Wir durchwandern Waldkirch und blicken dabei auf die Pfarrkirche Maria Himmelfahrt.
Sie wurde 1758 erbaut und überrascht mit einer ungewöhnlichen Größe im Verhältnis zum recht kleinen Örtchen (unter 200 Einwohner). Noch ein Stück die befahrene Landstraße entlang, können wir nach einem Einsiedlerhof endlich wieder auf ruhige Feldwege abbiegen. Wir erfreuen uns an üppigen Streuobstwiesen, einem steinernen Wegkreuz und ganz viel Stille. Dann erreichen wir die „Waldkircher Kapelle“, die sich unter einer uralten Linde versteckt.
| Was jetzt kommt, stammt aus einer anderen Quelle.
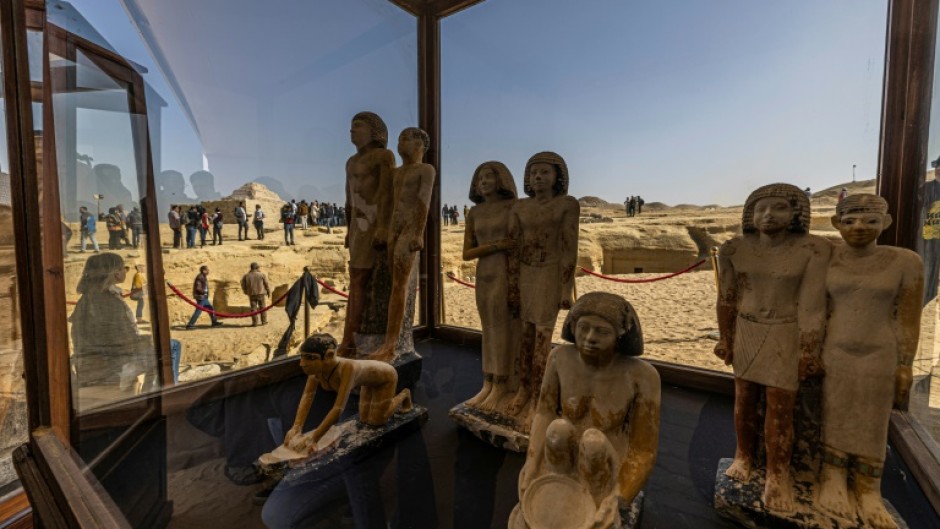 One of the tombs in Saqqara included a collection of 'the largest statues' ever found in the area, a top official said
Teilweise steil bergab geht es nun durch die bunten Mischwälder des Haspel-Hangs nach Waldshut. Tief unten im Tal erkennen wir hier und da den glitzernden Rhein. In der Hauptstadt des Landkreises angekommen, erwartet uns eine wunderschöne Altstadt – und eine wohlverdeinte Stärkung, in einer der zahlreichen Gastronomien.
Die Wanderroute
Der Klosterweg hat eine Länge von 29,72 Kilometern, 505 Höhenmeter geht es hinauf, 922 hinunter. Ambitionierte Wanderer können die Route an einem Tag gehen oder die fünf Etappen gemütlicher angehen:
Etappe 1: St. Blasien – Häusern (3,5 Km)
Etappe 2: Häusern – Obere Albtalschanze (4 Km)
Etappe 3: Obere Albtalschanze – Tiefenhäusern (2,5 Km)
Etappe 4: Tiefenhäusern – Bannholz (4 Km)
Etappe 5 A: Bannholz – Waldshut (6 Km)
Etappe 5 B: Bannholz – Gurtweil (8 Km)
An- und Abreise:
Am Busbahnhof in St. Blasien und am Kornhaus in Waldshut stehen Parkhäuser zur Verfügung. Da der Weg auf großen Teilen nahe der Bundesstraße 500 verläuft, kann man außerdem die Buslinie 7322 zwischen Waldshut und St. Blasien für die An- und Abreise zu den verschiedenen Etappen nutzen. Haltestellen gibt es in St. Blasien, Häusern, Tiefenhäusern, Bannholz, Waldkirch und Waldshut. Informationen zum Fahrplan im Internet (www.wtv-online.de).